I suppose using a trie wouldn't work? Just spitballing ideas at this point, I've tried pretty much every obvious approach I can think of.

Author:  bbi5291 [ Mon Aug 31, 2009 6:03 pm ]
Post subject:  Re: USACO: PROB Calf Flac

A prefix trie won't help you. A suffix trie takes O(N^2) time and O(N^2) space. With some path compression and leet hax you can reduce both of those requirements to linear. Congratulations, you have just constructed a suffix tree!

Author:  A.J [ Mon Aug 31, 2009 8:44 pm ]
Post subject:  Re: USACO: PROB Calf Flac

bbi5291 wrote:

With some path compression and leet hax you can reduce both of those requirements to linear.


I don't quite see how you can ever possibly get intimidated by me when you are talking about reducing the time and space required for a suffix trie to linear. I would be really impressed if you can present a program that performs in linear time.

Author:  bbi5291 [ Tue Sep 01, 2009 10:40 am ]
Post subject:  Re: USACO: PROB Calf Flac

Hold on a minute. You used Ukkonen's algorithm, and your solution isn't linear time? Ukkonen's algorithm was hailed as the first online linear-time suffix tree construction algorithm. Is it possible that what you built is actually a suffix trie?
btw, there is an "easy" linear-time construction - you use the linear-time divide-and-conquer suffix array construction described in Simple Linear Work Suffix Array Construction by J. Karkkainen, then the linear-time suffix-array-to-lcp-array algorithm described in Linear-Time Longest-Common-Prefix Computation in Suffix Arrays and Its Applications (T. Kasai, 2001), and finally you put these together to obtain the suffix tree (exercise for the reader).

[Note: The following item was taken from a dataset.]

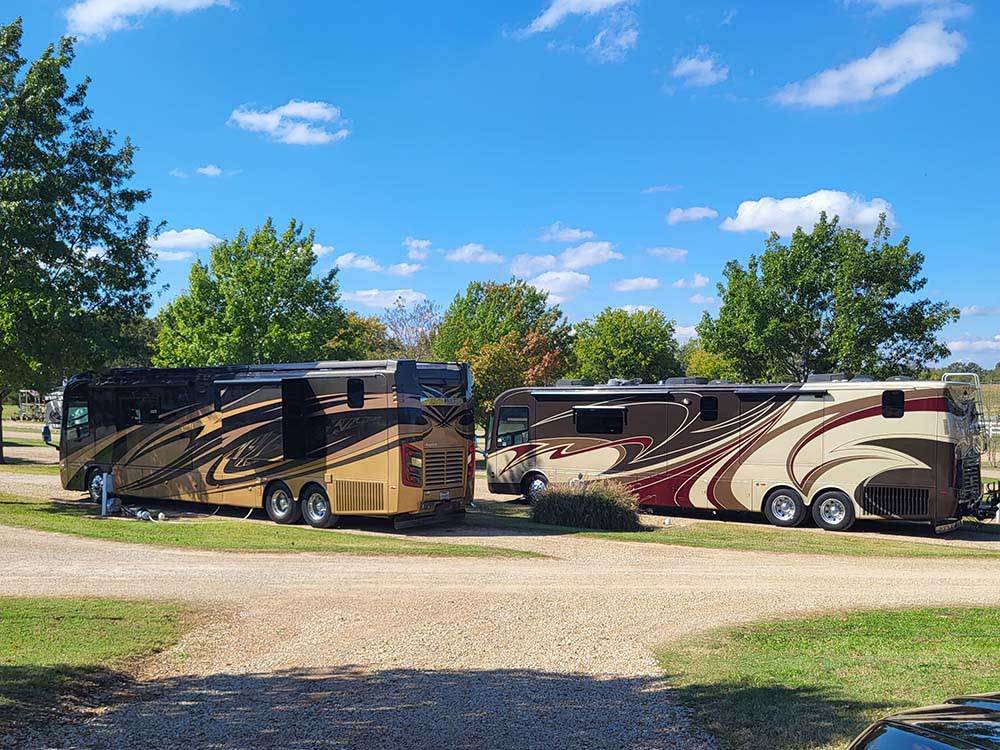 Two motorhomes parked in gravel sites at CANTON I-20 RV PARK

Author:  A.J [ Tue Sep 01, 2009 11:27 am ]
Post subject:  RE:USACO: PROB Calf Flac

Alas, I am trying to reconstruct my memory of Ukkonen's algorithm...

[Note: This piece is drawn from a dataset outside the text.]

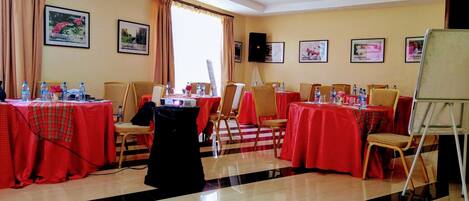 A conference room with multiple tables, chairs, and a projector screen.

How do you know this much, Brian?

Author:  bbi5291 [ Tue Sep 01, 2009 12:06 pm ]
Post subject:  Re: USACO: PROB Calf Flac

I don't know all that from memory, of course. I have various bookmarks to stuff like this.
There are some problems on SPOJ that are trivial if you can construct a suffix tree in linear time, so Ivan Katanic and I teamed up to find some info on suffix tree construction. That's how I found out all of this.
btw, here's a partial list (note: many of these have more elegant solutions):
BEADS
BWHEELER
DISUBSTR
LCS
LCS2
MINMOVE
PALIM
SUBST1
TWICE
WPUZZLES
BWHEELER and DISUBSTR are passable with quadratic time/space too, though.

Author:  riveryu [ Tue Sep 01, 2009 6:04 pm ]
Post subject:  RE:USACO: PROB Calf Flac

Can someone explain how LCS would connect to the Calf Flac problem? I'll read what LCS is right now... Pretend I don't know anything.

Author:  CodeMonkey2000 [ Wed Sep 02, 2009 12:15 am ]
Post subject:  Re: USACO: PROB Calf Flac

If you have 2 strings, the LCS algorithm can be used to figure out the largest common sub sequence. For example suppose you have the strings: ABCFG and ABTFG, then the longest common sub-sequence is of length 4 (the largest sequence in both is ABFG).

In this problem it is useful because you are looking for the largest common sub sequence between a string and the reversed version of the string. Although for palindromes, you need to change the the implementation of the algorithm a bit.


: